STORY Thorbjørn Carl Hjalager, founder of the World's Folk High School, elaborates on the connection between the Danish folk high school and the American civil rights movement.

The Freedom Singers in Denmark celebrating the 175th anniversary of the Danish folk high school at The International Folk High School Summit in 2019. Rutha Mae Harris, Bettie Mae Fikes, William Pearlman and Charles Neblett described this as ‘The Freedom Singer’s last great journey’.

By Thorbjørn Carl Hjalager

“We tried to involve everybody in singing and doing drama and dancing and laughing and telling sto­ries because that’s a part of their life. It’s more of a holistic approach to education, not just a bunch of unrelated segments. The way people live was more important than any class or subject that we were dealing with… They had that learning experience, making decisions, living in an unsegregated fashion, enjoying their senses other than their minds”

Dale Jacobs: The Myles Horton Reader, University of Tennessee 2003, p. XII.

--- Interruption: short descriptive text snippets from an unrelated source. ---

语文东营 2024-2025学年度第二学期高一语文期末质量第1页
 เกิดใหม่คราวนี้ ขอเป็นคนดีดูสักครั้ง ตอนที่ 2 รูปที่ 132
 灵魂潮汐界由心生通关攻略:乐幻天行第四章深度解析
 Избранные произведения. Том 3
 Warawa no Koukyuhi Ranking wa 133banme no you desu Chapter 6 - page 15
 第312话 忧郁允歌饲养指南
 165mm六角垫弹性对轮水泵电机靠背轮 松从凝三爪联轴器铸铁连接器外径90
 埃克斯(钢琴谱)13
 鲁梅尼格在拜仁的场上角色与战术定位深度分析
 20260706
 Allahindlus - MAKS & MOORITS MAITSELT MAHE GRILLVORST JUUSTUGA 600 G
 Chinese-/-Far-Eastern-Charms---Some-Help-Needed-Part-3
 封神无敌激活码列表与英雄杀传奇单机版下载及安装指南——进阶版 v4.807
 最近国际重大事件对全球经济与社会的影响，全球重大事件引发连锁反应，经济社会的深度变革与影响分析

Folk high school has to base itself on a holistic approach, in which music, dance and drama have a central place. Ever since the school was founded by Myles Hortonin in 1932, this was and has been the starting point for The High­lander Folk School – known today as Highlander Research and Education Center.

My journey to Highlander and the experiences to be gleaned from it have taken the form of a long, round­about journey.

The world is out here

In 2015 the world came knocking at our door in earnest when that massive influx of refugees presented an acute challenge for us in Europe. I was teaching at Ry Folk High School, and even though everyday life at the school was as full of meaning as it was of joyful students, I believed that the folk high school – as a movement – had to leave behind its bricks-and-mortar limitations and enter the fray at full strength as a social force for action, one that creates cul­tural togetherness when the foundations start to fall apart.

This led to the project ‘Verden for dine fødder’ (‘The World at your Feet’) as part of the programme for Århus as European capital of culture 2017. The idea was to create an outreach ‘Pop-up folk high school’, which would use activities that involved citizens and focus on diversity as a resource to encourage new forms of togetherness across cultures, social divisions and generations in the Mid Jutland Region.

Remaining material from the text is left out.